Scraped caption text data
————————

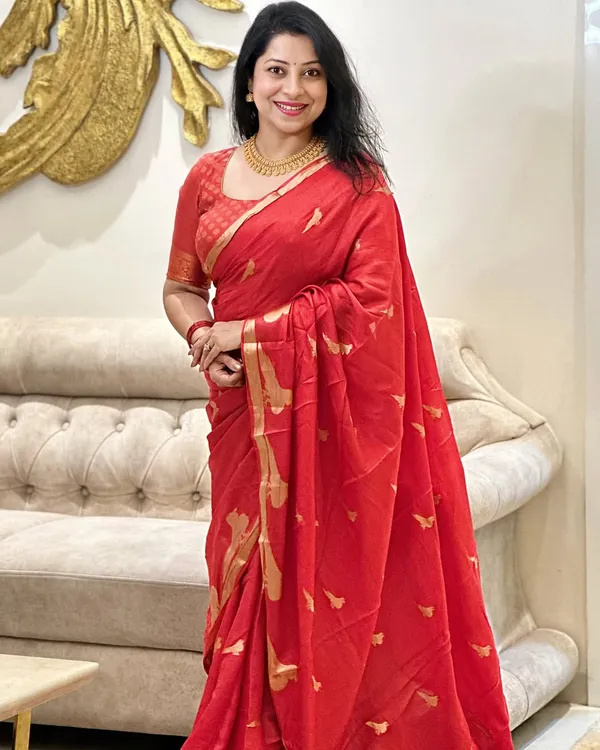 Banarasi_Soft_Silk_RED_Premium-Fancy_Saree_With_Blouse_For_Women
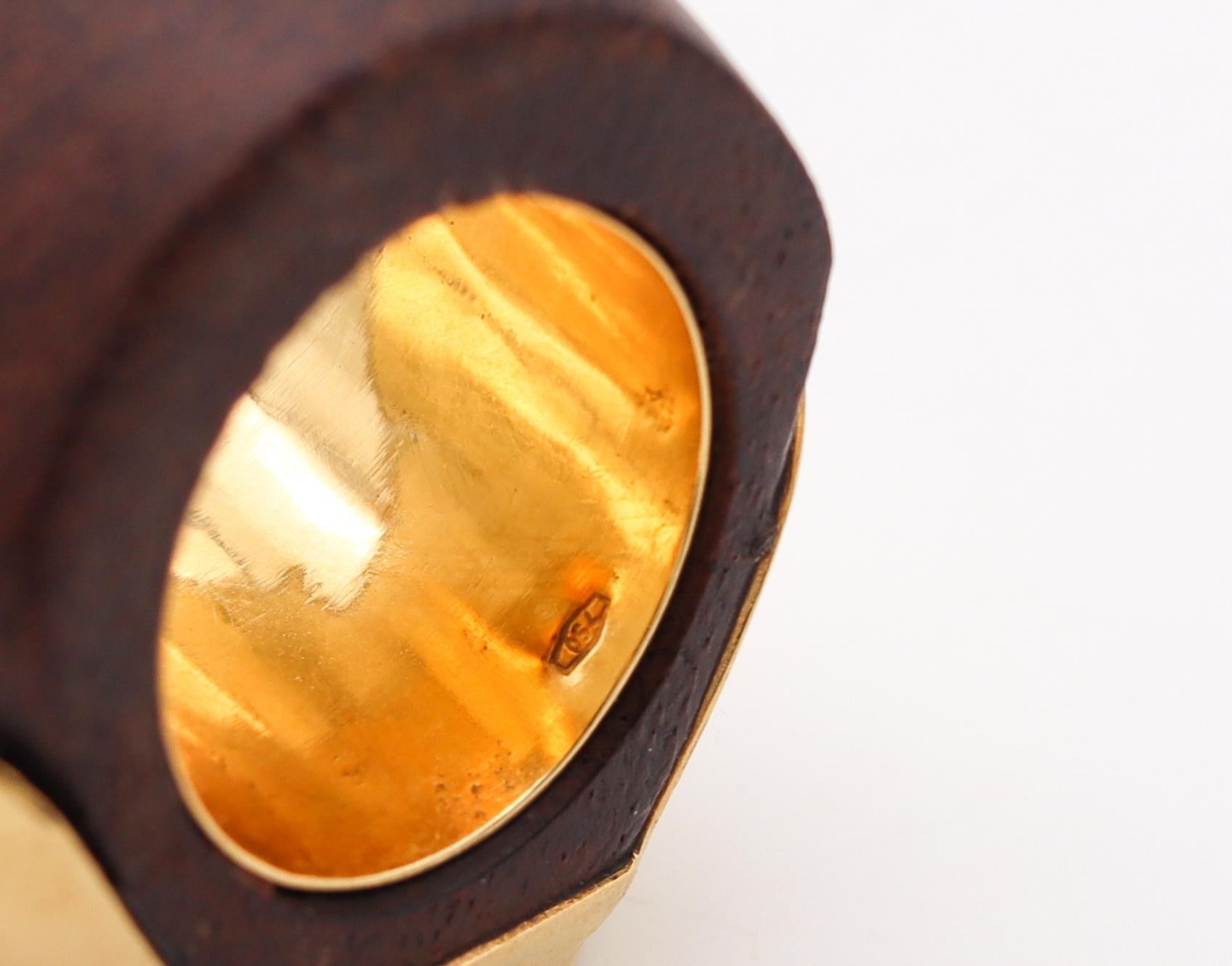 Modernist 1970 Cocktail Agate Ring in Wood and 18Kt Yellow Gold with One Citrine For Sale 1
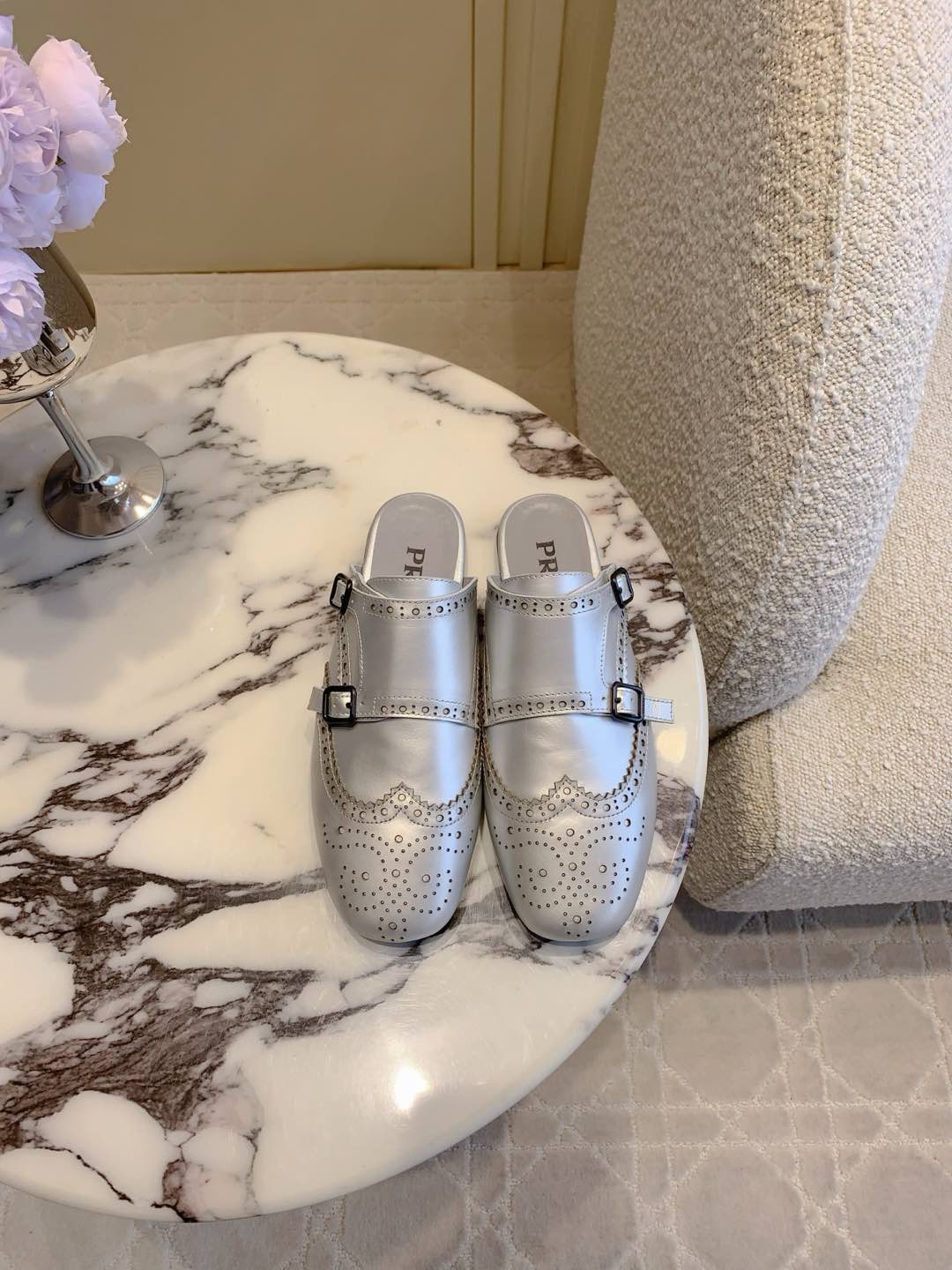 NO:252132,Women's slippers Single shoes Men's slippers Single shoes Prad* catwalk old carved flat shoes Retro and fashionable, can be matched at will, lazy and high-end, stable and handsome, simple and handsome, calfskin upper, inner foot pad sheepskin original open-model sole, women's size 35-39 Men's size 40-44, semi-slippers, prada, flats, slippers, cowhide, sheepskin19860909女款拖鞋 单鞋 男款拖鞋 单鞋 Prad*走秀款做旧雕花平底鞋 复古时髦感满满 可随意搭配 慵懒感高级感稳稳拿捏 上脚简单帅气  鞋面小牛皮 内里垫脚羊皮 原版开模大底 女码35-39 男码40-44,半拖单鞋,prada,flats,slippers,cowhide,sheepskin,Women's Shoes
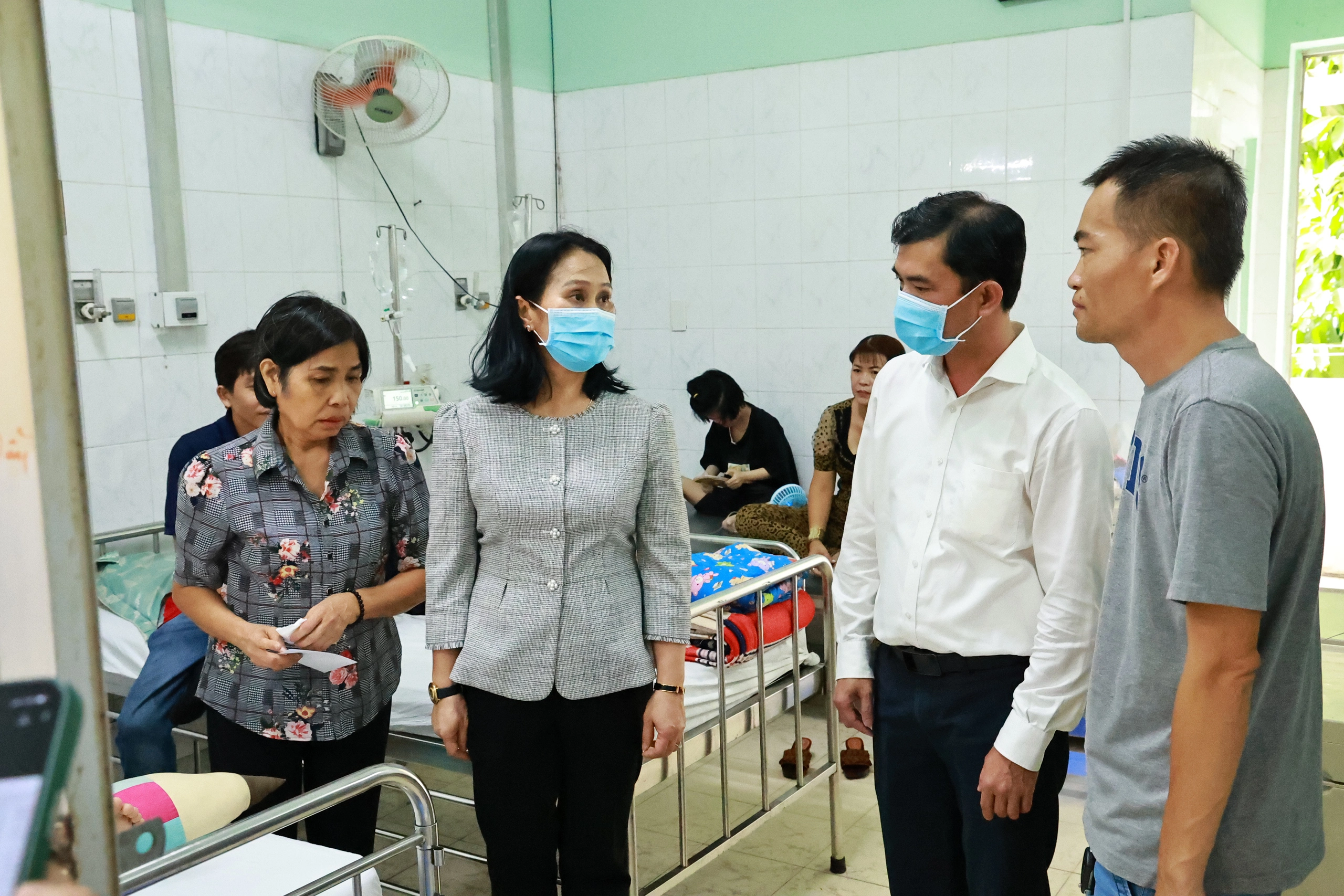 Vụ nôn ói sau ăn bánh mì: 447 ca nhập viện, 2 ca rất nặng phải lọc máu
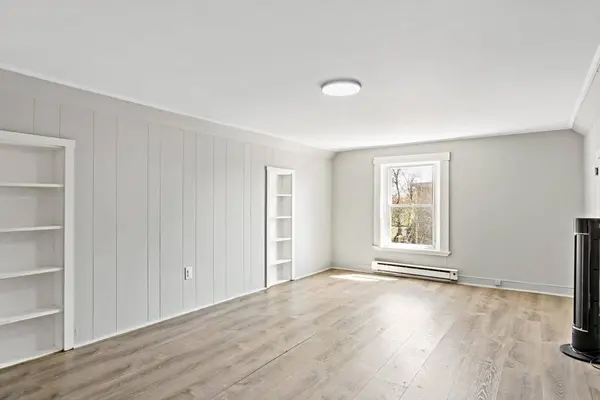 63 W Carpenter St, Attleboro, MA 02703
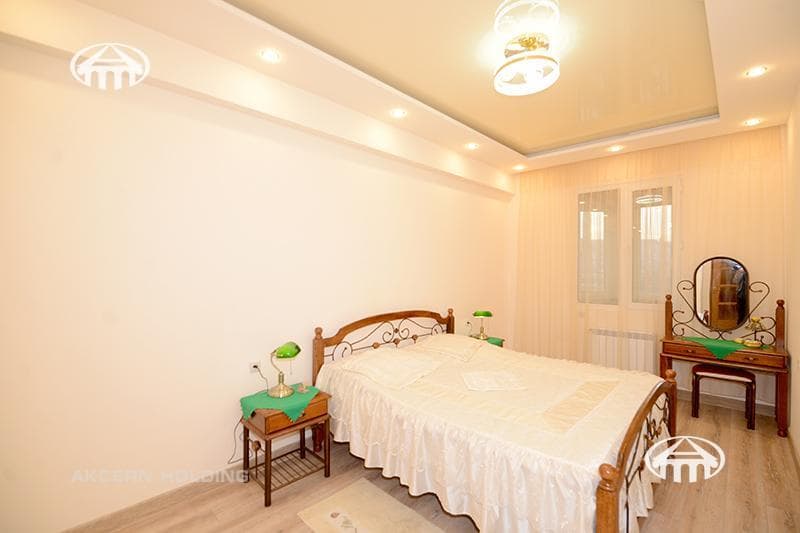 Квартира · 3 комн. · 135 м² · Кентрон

————————

**ABOUT THIS EXERCISE:**
With the pictures left out, restate word for word every line of the data above, from the first down to the line that contains "Modernist 1970 Cocktail".

**RESULT OF THE EXERCISE:**
 Banarasi_Soft_Silk_RED_Premium-Fancy_Saree_With_Blouse_For_Women
 Modernist 1970 Cocktail Agate Ring in Wood and 18Kt Yellow Gold with One Citrine For Sale 1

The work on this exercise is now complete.